TRY IT:
Every entry below is to be copied exactly as written.

SOURCE INFORMATION:
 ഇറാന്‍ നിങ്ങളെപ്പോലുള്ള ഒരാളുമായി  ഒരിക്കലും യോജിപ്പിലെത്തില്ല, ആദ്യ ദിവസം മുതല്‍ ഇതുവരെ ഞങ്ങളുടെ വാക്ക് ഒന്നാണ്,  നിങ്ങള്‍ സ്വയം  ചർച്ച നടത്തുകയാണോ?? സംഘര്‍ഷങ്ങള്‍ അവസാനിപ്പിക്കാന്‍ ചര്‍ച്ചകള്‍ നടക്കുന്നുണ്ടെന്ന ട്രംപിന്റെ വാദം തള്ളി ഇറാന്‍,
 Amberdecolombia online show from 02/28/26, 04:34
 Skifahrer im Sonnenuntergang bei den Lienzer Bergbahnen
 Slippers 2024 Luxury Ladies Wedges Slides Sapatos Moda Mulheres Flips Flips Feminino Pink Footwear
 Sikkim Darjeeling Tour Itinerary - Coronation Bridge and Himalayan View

SOLUTION:
 ഇറാന്‍ നിങ്ങളെപ്പോലുള്ള ഒരാളുമായി  ഒരിക്കലും യോജിപ്പിലെത്തില്ല, ആദ്യ ദിവസം മുതല്‍ ഇതുവരെ ഞങ്ങളുടെ വാക്ക് ഒന്നാണ്,  നിങ്ങള്‍ സ്വയം  ചർച്ച നടത്തുകയാണോ?? സംഘര്‍ഷങ്ങള്‍ അവസാനിപ്പിക്കാന്‍ ചര്‍ച്ചകള്‍ നടക്കുന്നുണ്ടെന്ന ട്രംപിന്റെ വാദം തള്ളി ഇറാന്‍,
 Amberdecolombia online show from 02/28/26, 04:34
 Skifahrer im Sonnenuntergang bei den Lienzer Bergbahnen
 Slippers 2024 Luxury Ladies Wedges Slides Sapatos Moda Mulheres Flips Flips Feminino Pink Footwear
 Sikkim Darjeeling Tour Itinerary - Coronation Bridge and Himalayan View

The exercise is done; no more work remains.